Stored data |
== Segment start ==

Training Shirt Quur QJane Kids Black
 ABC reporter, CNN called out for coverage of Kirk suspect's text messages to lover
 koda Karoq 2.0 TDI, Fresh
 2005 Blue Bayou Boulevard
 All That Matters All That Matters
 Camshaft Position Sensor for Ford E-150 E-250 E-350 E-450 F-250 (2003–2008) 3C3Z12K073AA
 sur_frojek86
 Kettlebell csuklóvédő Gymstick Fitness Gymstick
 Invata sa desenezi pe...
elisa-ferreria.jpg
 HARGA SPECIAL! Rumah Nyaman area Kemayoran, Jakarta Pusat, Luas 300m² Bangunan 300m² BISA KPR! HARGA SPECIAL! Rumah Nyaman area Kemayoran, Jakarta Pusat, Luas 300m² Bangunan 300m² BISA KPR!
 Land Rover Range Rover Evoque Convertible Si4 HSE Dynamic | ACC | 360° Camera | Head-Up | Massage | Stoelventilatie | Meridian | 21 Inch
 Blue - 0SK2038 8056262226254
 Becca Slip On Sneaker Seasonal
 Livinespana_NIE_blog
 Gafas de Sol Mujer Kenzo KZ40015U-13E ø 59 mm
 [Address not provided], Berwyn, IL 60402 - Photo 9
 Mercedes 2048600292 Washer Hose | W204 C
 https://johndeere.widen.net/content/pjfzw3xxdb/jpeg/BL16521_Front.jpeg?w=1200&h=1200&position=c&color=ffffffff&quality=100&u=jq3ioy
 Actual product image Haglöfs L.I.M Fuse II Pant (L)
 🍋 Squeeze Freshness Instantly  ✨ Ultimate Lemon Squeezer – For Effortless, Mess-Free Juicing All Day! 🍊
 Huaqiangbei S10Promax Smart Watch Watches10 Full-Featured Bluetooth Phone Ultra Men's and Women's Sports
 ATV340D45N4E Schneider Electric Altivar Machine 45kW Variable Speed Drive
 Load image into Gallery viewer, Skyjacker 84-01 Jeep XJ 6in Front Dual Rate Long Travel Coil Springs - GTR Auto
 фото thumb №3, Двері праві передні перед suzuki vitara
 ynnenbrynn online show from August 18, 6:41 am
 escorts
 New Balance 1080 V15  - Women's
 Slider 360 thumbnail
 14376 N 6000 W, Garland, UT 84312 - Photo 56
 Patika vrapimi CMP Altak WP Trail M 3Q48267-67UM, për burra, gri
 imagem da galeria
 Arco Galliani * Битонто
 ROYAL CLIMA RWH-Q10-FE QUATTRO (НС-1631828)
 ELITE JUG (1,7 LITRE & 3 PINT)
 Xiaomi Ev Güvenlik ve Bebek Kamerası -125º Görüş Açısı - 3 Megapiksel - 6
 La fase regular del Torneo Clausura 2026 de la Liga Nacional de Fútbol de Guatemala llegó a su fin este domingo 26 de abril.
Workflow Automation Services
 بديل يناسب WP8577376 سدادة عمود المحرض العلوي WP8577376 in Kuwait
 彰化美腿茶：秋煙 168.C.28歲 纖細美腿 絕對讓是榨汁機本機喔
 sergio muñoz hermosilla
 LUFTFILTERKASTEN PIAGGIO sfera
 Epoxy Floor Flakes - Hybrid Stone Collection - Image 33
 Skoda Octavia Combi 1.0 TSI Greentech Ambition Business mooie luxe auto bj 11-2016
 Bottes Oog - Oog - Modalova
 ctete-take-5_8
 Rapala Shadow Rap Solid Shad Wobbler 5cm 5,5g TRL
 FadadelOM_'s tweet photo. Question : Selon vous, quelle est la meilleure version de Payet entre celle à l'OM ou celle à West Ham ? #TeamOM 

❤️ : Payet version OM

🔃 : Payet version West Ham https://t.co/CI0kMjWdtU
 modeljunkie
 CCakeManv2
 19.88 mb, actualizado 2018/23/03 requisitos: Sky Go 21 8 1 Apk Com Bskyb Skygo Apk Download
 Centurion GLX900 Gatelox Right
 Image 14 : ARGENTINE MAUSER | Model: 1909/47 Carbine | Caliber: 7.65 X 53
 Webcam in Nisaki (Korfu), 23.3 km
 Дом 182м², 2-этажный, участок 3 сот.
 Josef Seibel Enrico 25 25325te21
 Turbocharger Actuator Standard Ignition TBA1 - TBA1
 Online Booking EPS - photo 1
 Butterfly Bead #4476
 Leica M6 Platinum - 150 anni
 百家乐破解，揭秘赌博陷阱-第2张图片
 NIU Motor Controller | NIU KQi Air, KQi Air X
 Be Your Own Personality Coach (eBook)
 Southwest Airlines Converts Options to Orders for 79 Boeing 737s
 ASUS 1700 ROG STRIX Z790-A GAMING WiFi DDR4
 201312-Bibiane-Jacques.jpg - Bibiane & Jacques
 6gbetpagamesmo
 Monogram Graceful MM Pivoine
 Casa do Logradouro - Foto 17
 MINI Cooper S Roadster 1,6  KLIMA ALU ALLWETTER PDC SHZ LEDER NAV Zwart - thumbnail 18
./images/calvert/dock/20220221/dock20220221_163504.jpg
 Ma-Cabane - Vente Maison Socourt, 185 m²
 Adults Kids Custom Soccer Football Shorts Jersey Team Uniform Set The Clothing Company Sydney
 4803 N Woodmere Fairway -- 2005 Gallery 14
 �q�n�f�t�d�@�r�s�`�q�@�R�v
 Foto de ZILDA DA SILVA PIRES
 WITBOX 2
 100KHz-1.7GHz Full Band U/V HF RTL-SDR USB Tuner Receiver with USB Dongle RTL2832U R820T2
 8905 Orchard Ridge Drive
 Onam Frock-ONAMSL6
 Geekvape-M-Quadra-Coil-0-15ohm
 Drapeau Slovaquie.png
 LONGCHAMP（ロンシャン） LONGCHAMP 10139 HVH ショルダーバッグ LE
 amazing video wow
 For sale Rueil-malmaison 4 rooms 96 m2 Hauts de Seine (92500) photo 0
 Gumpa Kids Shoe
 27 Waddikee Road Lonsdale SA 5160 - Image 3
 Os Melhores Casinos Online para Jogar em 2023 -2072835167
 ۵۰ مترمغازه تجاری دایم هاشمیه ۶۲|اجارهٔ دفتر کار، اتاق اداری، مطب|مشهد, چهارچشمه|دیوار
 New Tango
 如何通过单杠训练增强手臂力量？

== Segment end ==

Problem to work on | Search the data above for the word "Foto" and say how many lines contain it, giving only that number.

Reply to the exercise | 2